Counterstaining for Immunohistochemistry: Choices, Choices…
When it comes to immunohistochemistry (IHC) we spend a big chunk of time figuring out which antibody to use and which concentrations to try, but how many of us take the time to think about which counterstain would be the best choice for our tissue and the message we want to portray? Believe it or not, counterstaining can have a big impact on the final result. This little guide will introduce you to some of the stains/counterstains out there and hopefully open the door to a few more choices.
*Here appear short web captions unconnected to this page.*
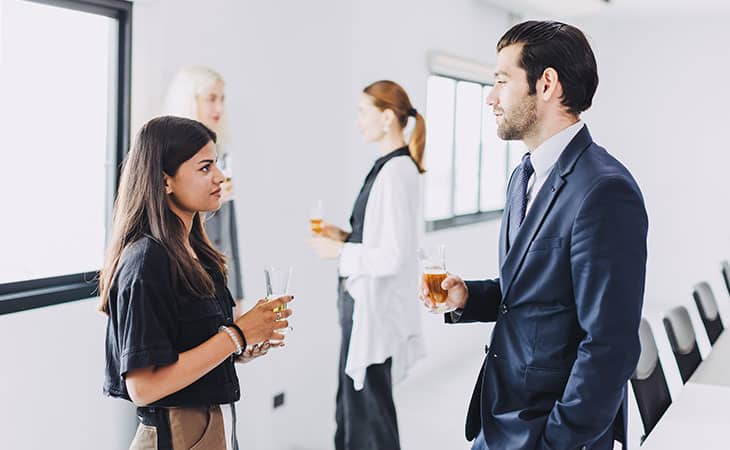 people talking in a meeting in an office having drinks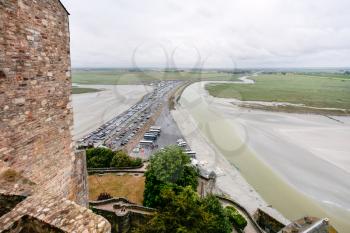Travel to France - above view of car parking and the causeway to Le Mont Saint-Michel island in Normandy in rain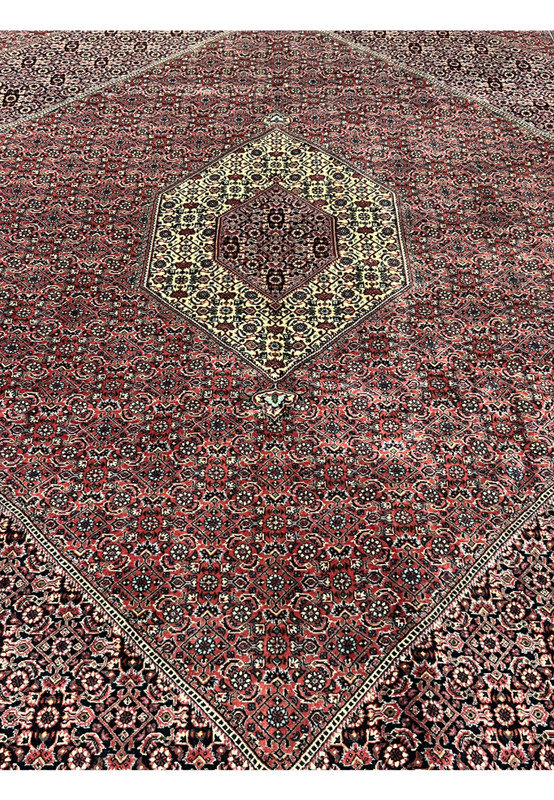 Midfield close up of Persian Bijar Iron Rug 8'2 x 11'4 with dense Herati pattern, brick red ground and intricate geometric detailing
Where counterstains come in
As you probably know, most cells are colourless and transparent so no matter what your specific antibody is, whether it be fluorescent or not, it can be difficult to identify cell type and location. This is where counterstaining comes in. If you counterstain your sections post-immuno, it can help you to pinpoint the exact position of your positive cells. A counterstain also provides contrast so that the antibody-stained cells stand out more.
A vast array
There is a vast array of chromogenic and fluorescent dyes out there to fit every experimental design. These dyes can either be non-specific, staining most of the cells in the same way, or specific, selectively staining particular cellular compartments or chemical molecules within cells/tissues.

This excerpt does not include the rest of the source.